Graduate School of Science and Technology & NAIST Data Science Center, Nara Institute of Science and Technology, Nara, Japan.
Department of Biochemistry and Medical Genetics, University of Manitoba, Winnipeg, Canada.
BMC Bioinformatics. 2018 Jul 13;19(1):264. doi: 10.1186/s12859-018-2251-x.
There are different and complicated associations between genes and diseases. Finding the causal associations between genes and specific diseases is still challenging. In this work we present a method to predict novel associations of genes and pathways with inflammatory bowel disease (IBD) by integrating information of differential gene expression, protein-protein interaction and known disease genes related to IBD.
We downloaded IBD gene expression data from NCBI's Gene Expression Omnibus, performed statistical analysis to determine differentially expressed genes, collected known IBD genes from DisGeNet database, which were used to construct a IBD related PPI network with HIPPIE database. We adapted our graph-based clustering algorithm DPClusO to cluster the disease PPI network.

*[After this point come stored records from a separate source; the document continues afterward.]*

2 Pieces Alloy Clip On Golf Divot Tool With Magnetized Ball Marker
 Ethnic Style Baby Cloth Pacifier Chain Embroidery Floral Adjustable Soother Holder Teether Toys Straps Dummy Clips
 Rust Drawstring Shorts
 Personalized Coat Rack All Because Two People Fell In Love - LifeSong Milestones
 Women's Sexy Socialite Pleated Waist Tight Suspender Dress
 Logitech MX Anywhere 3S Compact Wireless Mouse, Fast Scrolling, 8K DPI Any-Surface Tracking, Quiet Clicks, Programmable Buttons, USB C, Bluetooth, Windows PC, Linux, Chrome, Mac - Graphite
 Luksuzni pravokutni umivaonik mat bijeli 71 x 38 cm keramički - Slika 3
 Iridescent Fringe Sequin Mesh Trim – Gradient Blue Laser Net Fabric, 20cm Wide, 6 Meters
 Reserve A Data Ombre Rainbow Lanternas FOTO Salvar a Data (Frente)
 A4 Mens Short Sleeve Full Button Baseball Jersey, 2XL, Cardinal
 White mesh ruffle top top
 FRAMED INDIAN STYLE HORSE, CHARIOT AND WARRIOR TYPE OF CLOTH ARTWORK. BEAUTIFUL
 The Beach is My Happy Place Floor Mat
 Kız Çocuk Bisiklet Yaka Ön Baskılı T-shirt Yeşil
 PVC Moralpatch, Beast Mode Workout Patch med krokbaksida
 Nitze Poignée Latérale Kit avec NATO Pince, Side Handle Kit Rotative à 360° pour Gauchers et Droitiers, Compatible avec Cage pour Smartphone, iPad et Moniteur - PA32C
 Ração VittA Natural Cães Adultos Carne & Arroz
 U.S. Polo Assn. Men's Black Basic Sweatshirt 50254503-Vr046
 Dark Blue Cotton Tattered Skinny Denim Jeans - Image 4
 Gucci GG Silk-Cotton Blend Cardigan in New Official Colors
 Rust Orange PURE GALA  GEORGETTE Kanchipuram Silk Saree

We evaluated the statistical significance of the identified clusters in the context of determining the richness of IBD genes using Fisher's exact test and predicted novel genes related to IBD. We showed 93.8% of our predictions are correct in the context of other databases and published literatures related to IBD.
Finding disease-causing genes is necessary for developing drugs with synergistic effect targeting many genes simultaneously. Here we present an approach to identify novel disease genes and pathways and discuss our approach in the context of IBD. The approach can be generalized to find disease-associated genes for other diseases.
基因与疾病之间存在着不同且复杂的关联。发现基因与特定疾病之间的因果关联仍然具有挑战性。在这项工作中,我们提出了一种通过整合差异基因表达、蛋白质-蛋白质相互作用和与 IBD 相关的已知疾病基因的信息,来预测基因和途径与炎症性肠病(IBD)之间新关联的方法。
我们从 NCBI 的基因表达综合数据库中下载了 IBD 基因表达数据,进行了统计分析以确定差异表达基因,从 DisGeNet 数据库中收集了已知的 IBD 基因,这些基因用于与 HIPPIE 数据库构建 IBD 相关的 PPI 网络。我们适应了我们的基于图的聚类算法 DPClusO 来聚类疾病 PPI 网络。我们使用 Fisher 精确检验评估了在确定 IBD 基因丰富度的背景下,识别出的聚类的统计显著性,并预测了与 IBD 相关的新基因。我们在其他数据库和与 IBD 相关的已发表文献的背景下,展示了我们 93.8%的预测是正确的。
找到致病基因对于开发同时针对多个基因具有协同作用的药物是必要的。在这里,我们提出了一种识别新的疾病基因和途径的方法,并在 IBD 的背景下讨论了我们的方法。该方法可以推广到寻找其他疾病的与疾病相关的基因。